Gerçeklik Saplantısına İtirazım Var!

Kitap
Sinan Kaplan ‘Artık yeter!’ diyor genç yazar Ahmet Sait Akçay ve ekliyor ‘Mukavemet adlı kitabımda köhnemiş öykü anlayışlarına karşı yazmak istedim.’ 3. öykü kitabı Profil yayı...
EMOJİLE

Sinan Kaplan

‘Artık yeter!’ diyor genç yazar Ahmet Sait Akçay ve ekliyor ‘Mukavemet adlı kitabımda köhnemiş öykü anlayışlarına karşı yazmak istedim.’ 3. öykü kitabı Profil yayınlarından çıkan genç yazarın isyanına kulak kabartarak, Mukavemet’in arka planını konuşturk.

Yeni öykü kitabının adı niçin MuKaVeMeT? MuKaVeMeT neye karşı?

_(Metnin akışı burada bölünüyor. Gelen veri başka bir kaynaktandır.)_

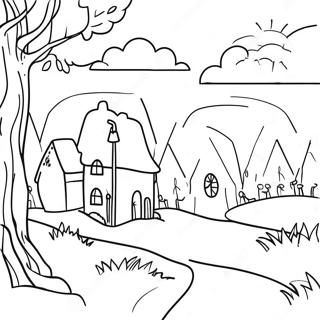 Beautiful Swedish Landscape Coloring Page 57124-45839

MuKaVeMeT’in birkaç karşılığı var tabi ki; öncelikle öyküdeki biçimselliğin kayboluşuna, klişelere, hikâye kurma sanatına ve en önemlisi günümüz öyküsünün gerçekçilik saplantına karşı bir direnç olarak okunmalıdır. Şunu vurgulamak isterim ki öykü biçimsellikten uzaklaştıkça kendi intiharını da gerçekleştirmiş olur. 30’lu, 40’lı yılların öyküsünü yeniden okumak istemiyorum, “Artık yeter” deme zamanı geldi de geçiyor.

Bu kitabında eleştirel ton sanki biraz daha sertleşmiş gibi görünüyor. Niçin?

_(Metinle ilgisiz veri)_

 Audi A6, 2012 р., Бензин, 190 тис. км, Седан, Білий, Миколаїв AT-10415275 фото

Her iddialı metnin aslında eleştirel bir format taşıması gerektiğini düşünüyorum. Çünkü, edebiyatın yenisi, o güne kadar üretilen geleneği altüst etme çabasına girmek durumundadır. Öncü metinlerin önceki kuşaklarla ilişkisini bu çatışma üzerinden okumak lâzım. Kurmaca da kendi çizgisinde zikzaklarla, yeniliklerle ilerlemek durumundadır. Rus Biçimcilerden Victor Shklovsky’nin sözünü şöyle değiştirerek aktarayım: Her yeni metin, bir önceki metinlere yapılan saldırıdır.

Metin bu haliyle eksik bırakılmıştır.